▶ _Records shown_:

BEGIN

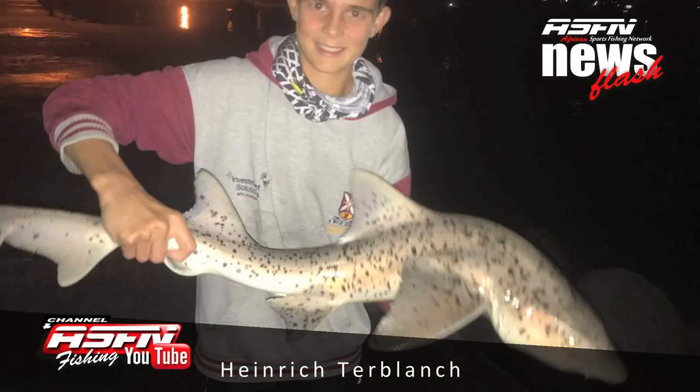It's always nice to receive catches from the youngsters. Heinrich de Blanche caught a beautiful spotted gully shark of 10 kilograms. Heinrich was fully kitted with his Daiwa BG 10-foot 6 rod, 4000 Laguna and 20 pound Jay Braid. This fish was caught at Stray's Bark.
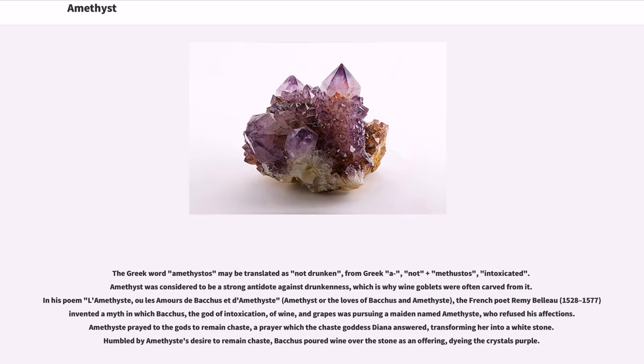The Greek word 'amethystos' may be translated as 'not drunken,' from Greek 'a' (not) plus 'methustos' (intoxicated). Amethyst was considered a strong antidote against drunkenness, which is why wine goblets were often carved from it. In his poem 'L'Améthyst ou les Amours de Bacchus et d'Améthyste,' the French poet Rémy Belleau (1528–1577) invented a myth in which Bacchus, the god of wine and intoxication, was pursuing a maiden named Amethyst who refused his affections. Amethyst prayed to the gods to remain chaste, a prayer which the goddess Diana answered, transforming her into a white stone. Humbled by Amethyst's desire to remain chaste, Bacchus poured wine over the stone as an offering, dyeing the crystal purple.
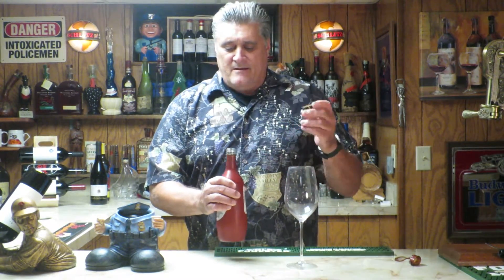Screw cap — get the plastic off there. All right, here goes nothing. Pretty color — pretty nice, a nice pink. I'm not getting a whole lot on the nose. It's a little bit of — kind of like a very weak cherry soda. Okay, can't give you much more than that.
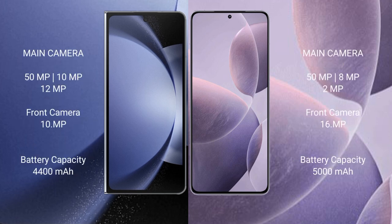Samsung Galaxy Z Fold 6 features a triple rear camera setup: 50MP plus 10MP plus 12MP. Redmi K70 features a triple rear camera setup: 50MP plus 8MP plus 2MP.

END
BEGIN

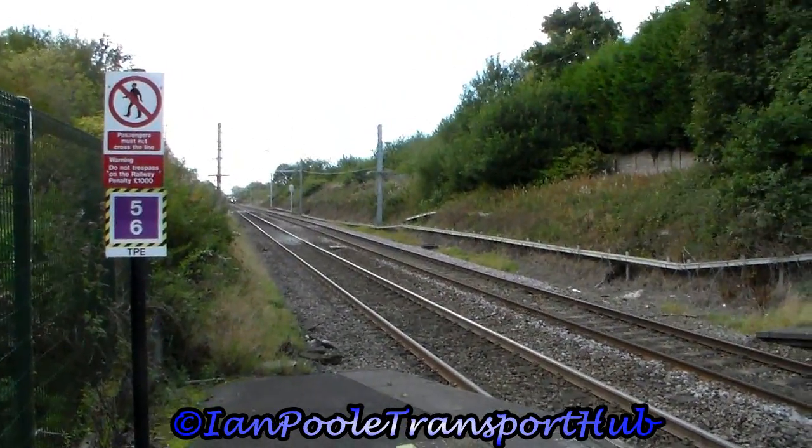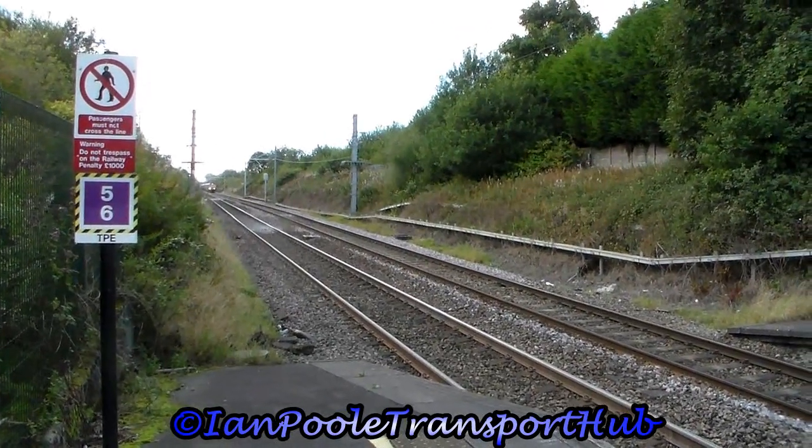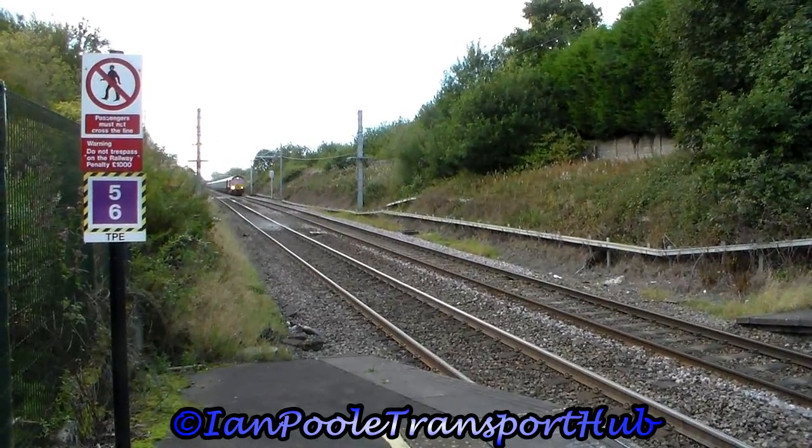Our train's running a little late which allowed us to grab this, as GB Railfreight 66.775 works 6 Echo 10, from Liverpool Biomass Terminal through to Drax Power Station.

END
BEGIN

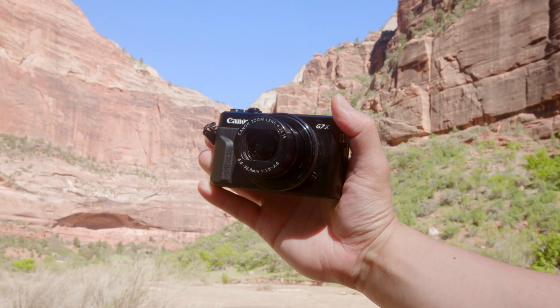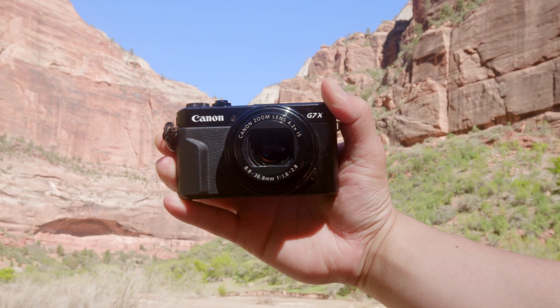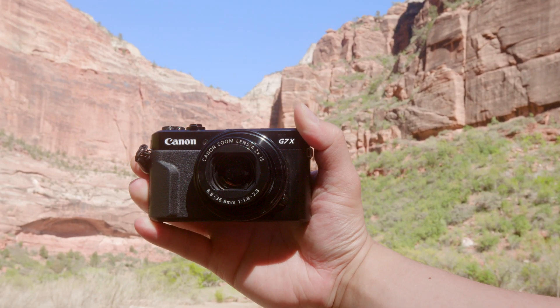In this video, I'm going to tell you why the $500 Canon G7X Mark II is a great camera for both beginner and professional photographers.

END

▶ _Exercise_: Although the records above contain pictures, the copy must not; set down exactly the lines from the one with "It's always nice" up to and including the one with "Samsung Galaxy Z".

▶ _Task solution_:
It's always nice to receive catches from the youngsters. Heinrich de Blanche caught a beautiful spotted gully shark of 10 kilograms. Heinrich was fully kitted with his Daiwa BG 10-foot 6 rod, 4000 Laguna and 20 pound Jay Braid. This fish was caught at Stray's Bark.
The Greek word 'amethystos' may be translated as 'not drunken,' from Greek 'a' (not) plus 'methustos' (intoxicated). Amethyst was considered a strong antidote against drunkenness, which is why wine goblets were often carved from it. In his poem 'L'Améthyst ou les Amours de Bacchus et d'Améthyste,' the French poet Rémy Belleau (1528–1577) invented a myth in which Bacchus, the god of wine and intoxication, was pursuing a maiden named Amethyst who refused his affections. Amethyst prayed to the gods to remain chaste, a prayer which the goddess Diana answered, transforming her into a white stone. Humbled by Amethyst's desire to remain chaste, Bacchus poured wine over the stone as an offering, dyeing the crystal purple.
Screw cap — get the plastic off there. All right, here goes nothing. Pretty color — pretty nice, a nice pink. I'm not getting a whole lot on the nose. It's a little bit of — kind of like a very weak cherry soda. Okay, can't give you much more than that.
Samsung Galaxy Z Fold 6 features a triple rear camera setup: 50MP plus 10MP plus 12MP. Redmi K70 features a triple rear camera setup: 50MP plus 8MP plus 2MP.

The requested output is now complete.